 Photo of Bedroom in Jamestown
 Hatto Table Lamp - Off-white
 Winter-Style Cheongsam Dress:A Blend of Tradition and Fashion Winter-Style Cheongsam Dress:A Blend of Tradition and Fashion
· · ·
* _Exercise details_: Reproduce every line above without error.

* _Completed task_:
 Photo of Bedroom in Jamestown
 Hatto Table Lamp - Off-white
 Winter-Style Cheongsam Dress:A Blend of Tradition and Fashion Winter-Style Cheongsam Dress:A Blend of Tradition and Fashion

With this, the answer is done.